Repeat the data word for word and skip the pictures.

### Dataset section
● ● ● ●

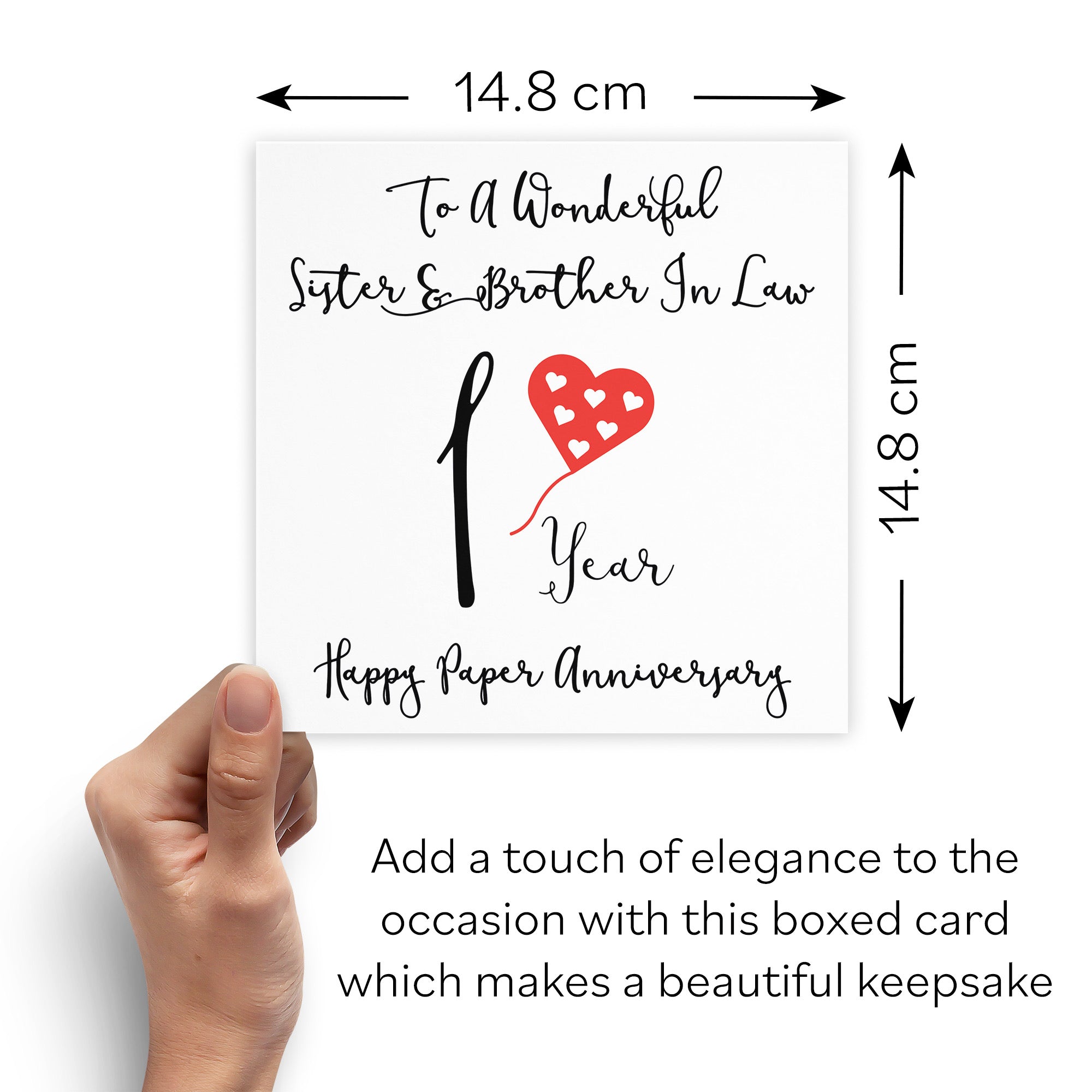 Boxed 1st Sister And Brother In Law Anniversary Card Love Heart - Default Title (B0D54C33HY)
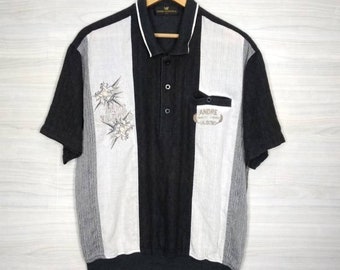 90s Andre Valentino Polo Shirt Medium Vintage Andre Embroidery Colorblock Top tee Size M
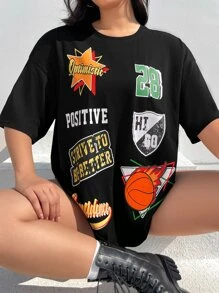 SHEIN EZwear Plus Bikercore Basketball & Letter Graphic Drop Shoulder Tee - Black - View 1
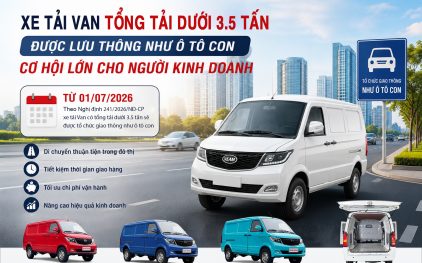 Xe tải Van tổng tải dưới 3.5 tấn được lưu thông như ô tô con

● ● ● ●

### The answer
 Boxed 1st Sister And Brother In Law Anniversary Card Love Heart - Default Title (B0D54C33HY)
 90s Andre Valentino Polo Shirt Medium Vintage Andre Embroidery Colorblock Top tee Size M
 SHEIN EZwear Plus Bikercore Basketball & Letter Graphic Drop Shoulder Tee - Black - View 1
 Xe tải Van tổng tải dưới 3.5 tấn được lưu thông như ô tô con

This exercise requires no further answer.